According to World Bank estimates, the population of women that made up the workforce in 2018 was 38.9 percent. With an estimated 2.92 billion women working in the world, the need for decent work and gender equality within the workforce should be a key goal for every employer, citizen and government. Taking up its role in this task, Hivos begun the Women@Work Campaign in 2012 and over time Hivos has been able to connect the dots and draw key lessons and experiences that have shaped this intervention.
Seven years later, the Women@Work Campaign has been working with partners in East and Southern Africa to achieve dignified working conditions for women in the horticulture industry. Over this time, the program has created pockets of transformative movement within horticultural farms that now collectively lead the change and advocacy for decent work for women under the campaign and beyond.
Debut of Women@Work Campaign
Coming into a space where the conversation around decent work barely covered a gender angle Women@Work partners broke new ground in the field of engendering dignity in labor. And as with any campaign bringing together multiple actors immersed in different areas of intervention, one of the key things to lead change is synchronicity. Synchronicity allows for combined efforts to make the most impact. Hivos has endeavored to engage partners whose strengths complement each other and organize learning fora for the various partners implementing the project. Hence, through incorporating joint learning within program design and possibly joint work plans, partner’s efforts can further work in tandem with each other.
Hivos way of working
Beyond working with frontrunners and champions, Hivos’ model also believes that lasting change rests with not only people doing better, but also governments through policy change. Engaging productively with governments continues to be a hurdle in light of long winded legislative processes and lack of political good will in areas where governments and private entities meet. It’s not uncommon to find African governments are stuck between balancing investor interests versus worker’s demands for better work conditions.
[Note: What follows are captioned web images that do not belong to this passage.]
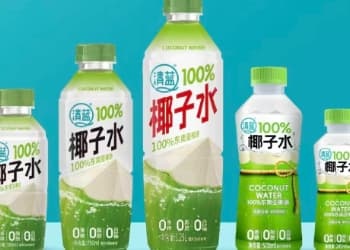 2026椰子水品牌推荐：从运动补水到日常佐餐，选对一瓶好椰子水的关键是什么？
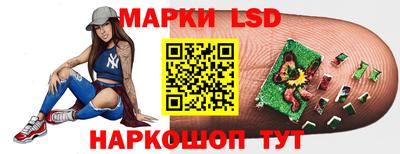 МДПВ Нальчик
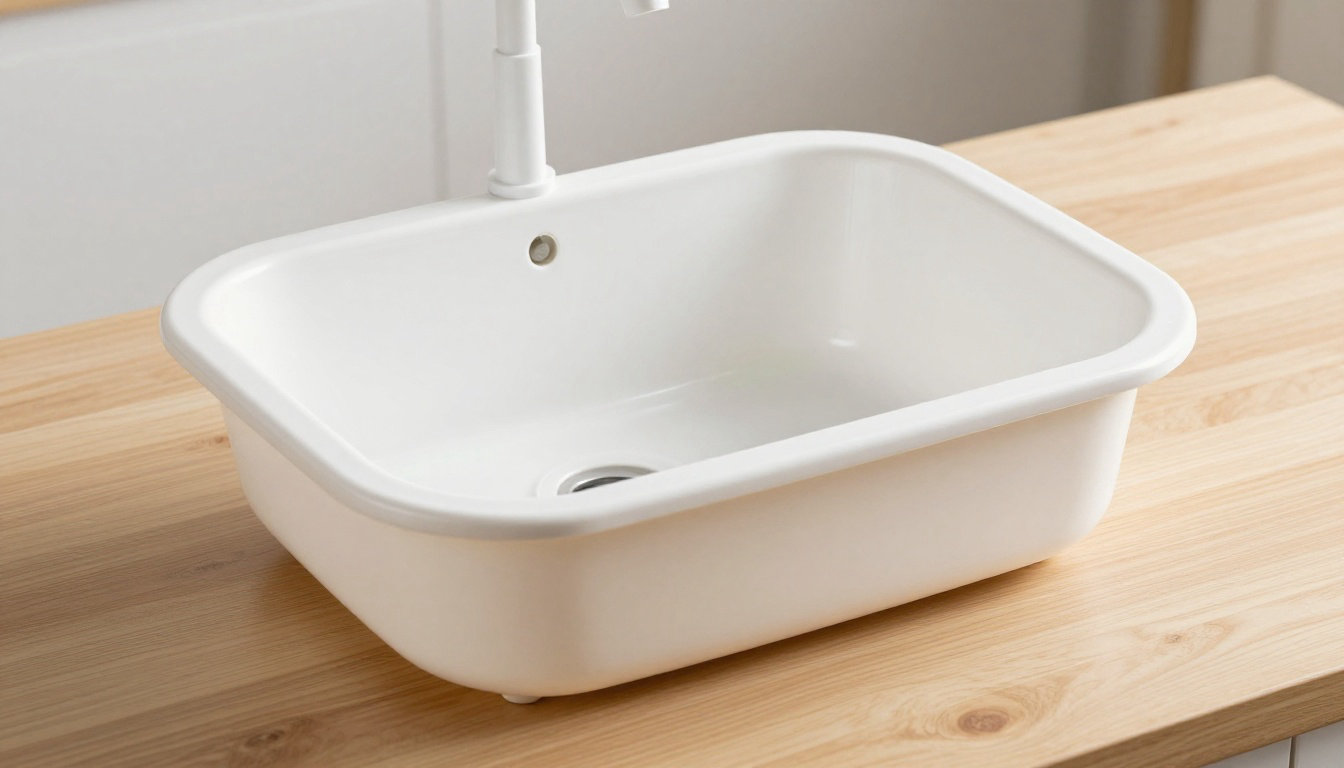 Le rôle du siphon et les secrets d'une installation sans odeurs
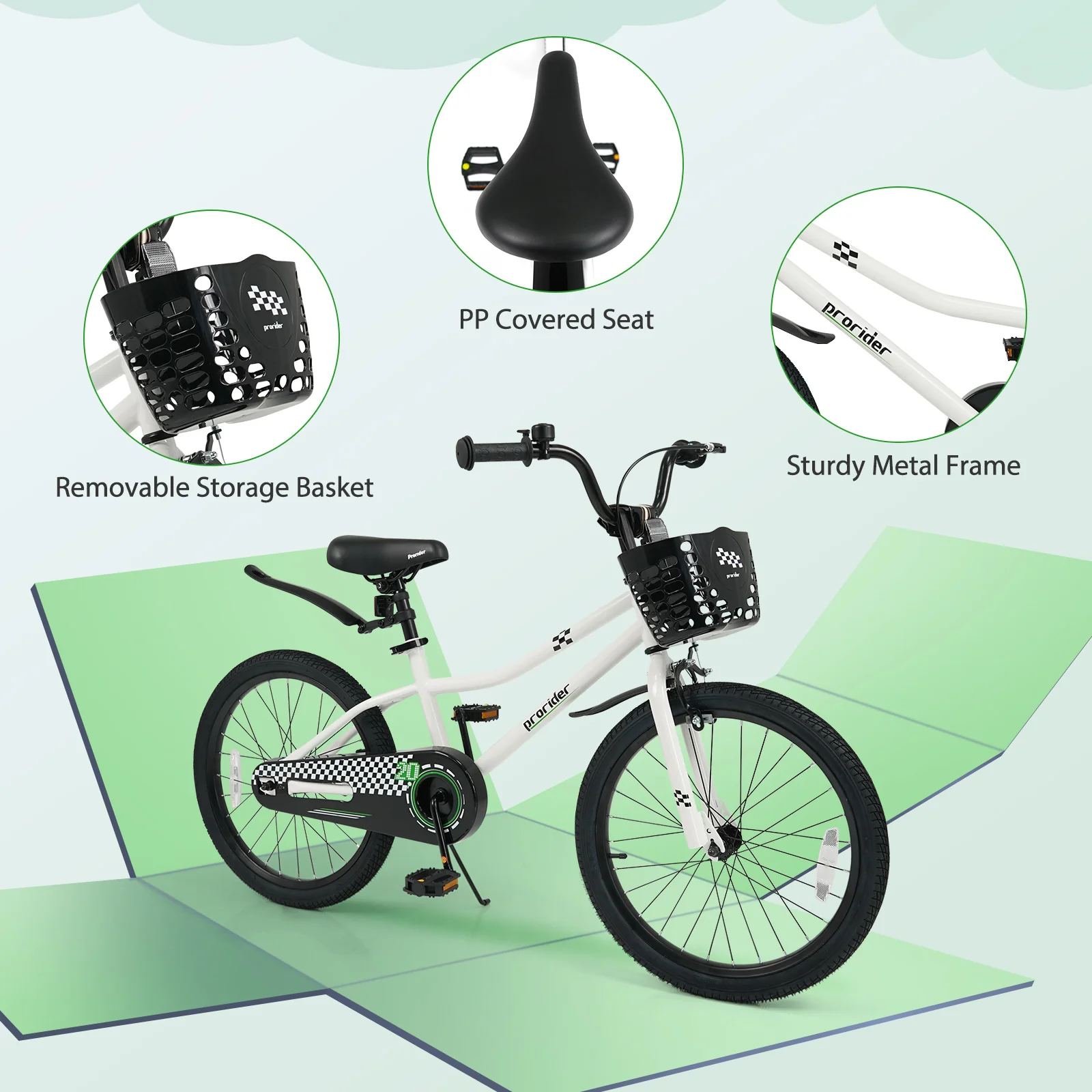 Product image 23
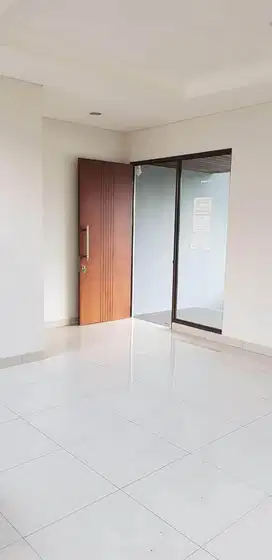 JUAL RUMAH PRESTIGIA EMINENT BSD CITY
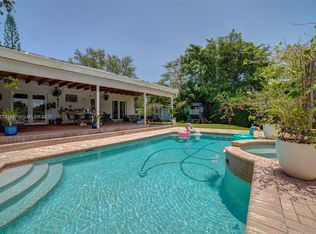 8750 SW 125th Ter, Miami, FL 33176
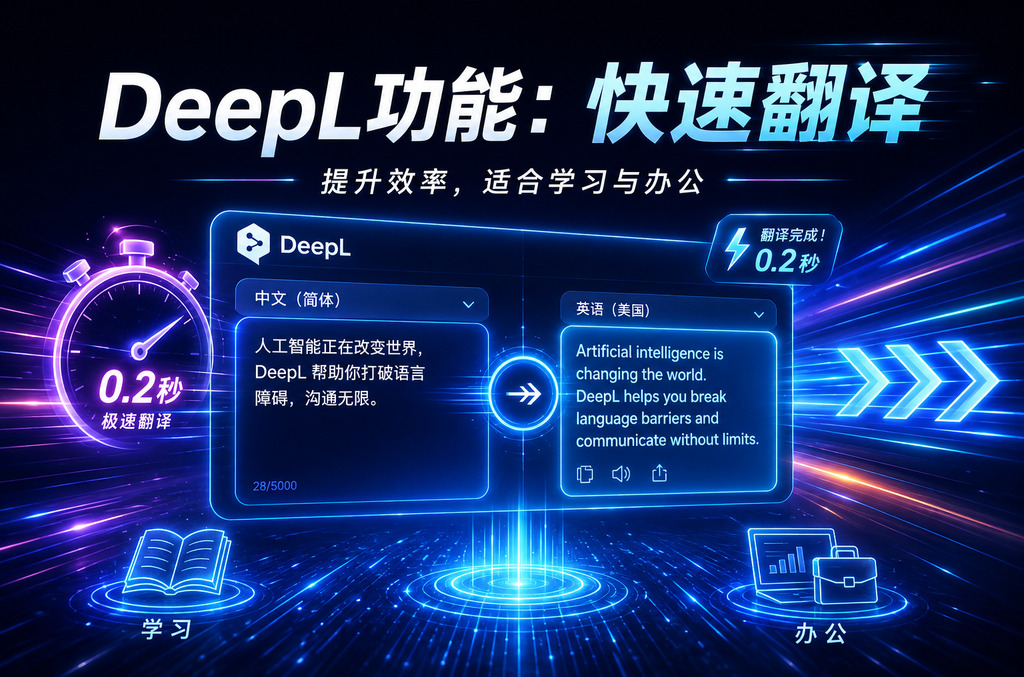 OpenClaw iPad版深度体验：移动端街机模拟器的巅峰之作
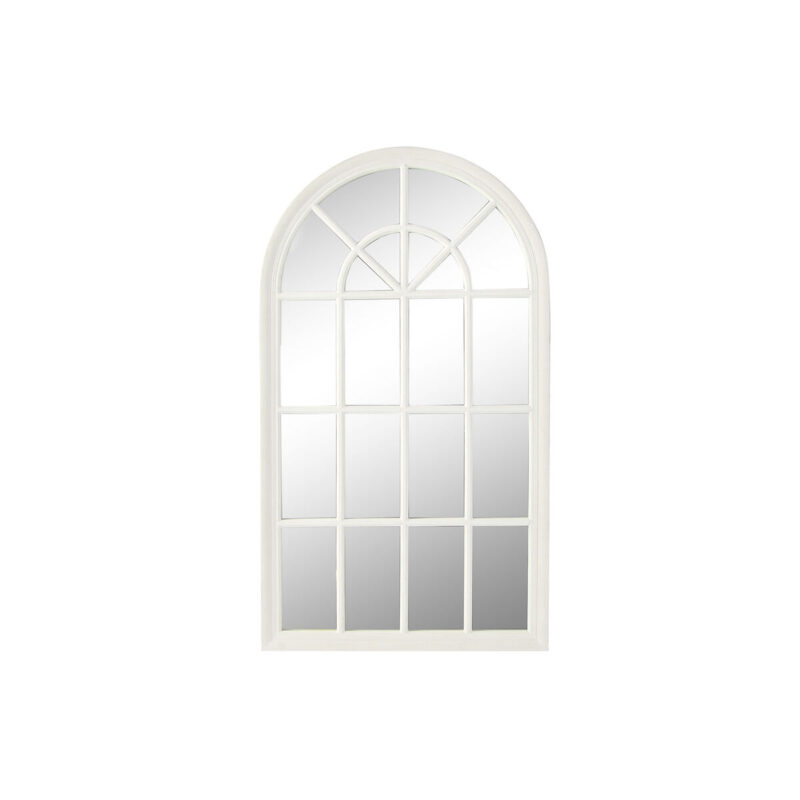 S3060938_0 S3060938_0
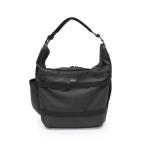  сумка на плечо [CIE]CIE - GRID3 SHOULDERBAG-02 032055 мужской женский 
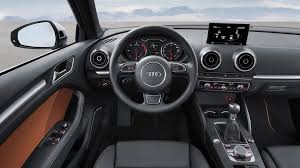 Image result for Brilliant Black 2014 A3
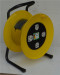 Portable Cable Reel for sale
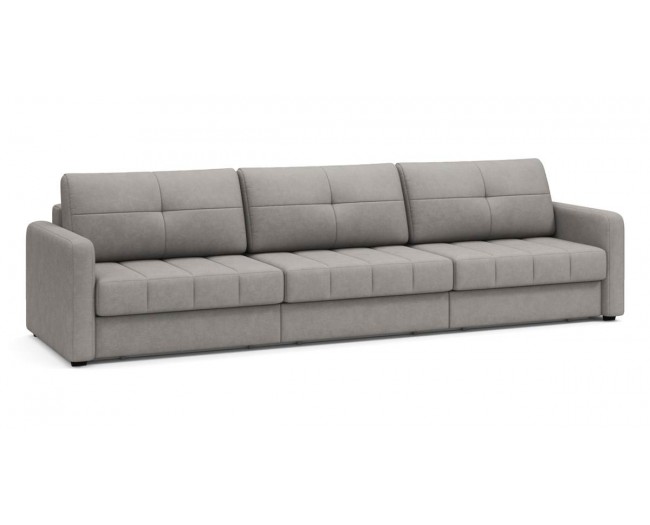 Сомерсет 2С макси с узким подлокотником фото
Stakeholder buy-in into realizing a dignified workplace is not only expected from governments and investors but local coalitions and network bodies as well. Growers’ coalitions and trade unions play a pivotal role in actualizing the vision of decent work for women. These moving parts have ensured that the solutions co-created by Hivos and its partners are responsive, measured, effective and to the extent possible, agreeable by all parties.
Campaign achievements
Retrospectively, there have been several successes and successful approaches under the program that have yielded marked success. The adoption of the model sexual harassment policy is a key milestone of the program that has seen approximately 200 farms from Kenya, Uganda, Tanzania and Ethiopia take-up the policy. Another major success of the program has come through leadership training for women workers that have led to a noticeable increase in their awareness of their rights and an interest in leadership roles at farm level and beyond.
Workers have also been able, through awareness of their rights to agitate for better working conditions and/or protective equipment and better health and safety measures. This has particularly been beneficial to pregnant women who can temporarily be assigned lighter duties during this period and as needed after.
Policy triumphs including securing up to six collective bargaining agreements in Tanzania and discussions around better living wage in Rwanda have been as a direct result of partner interventions under the Women@Work Campaign. Other strategies such as translating training material into local languages has proved successful in ensuring as many workers as possible access information in a manner that is easy for them to understand but to disseminate to others.
What lies ahead?
Looking forward, the Campaign envisions even more collaborative approaches in its possible future interventions with an emphasis on co-learning from, within its partners, other CSOs, regional and international networks.
Continuing to strengthen partner’s capacities in lobby and advocacy, media engagement, the use of social media and movement building amongst beneficiaries and partners themselves are priorities that we hope to carry forward in the future of the program and to ultimately secure the workplace for all women.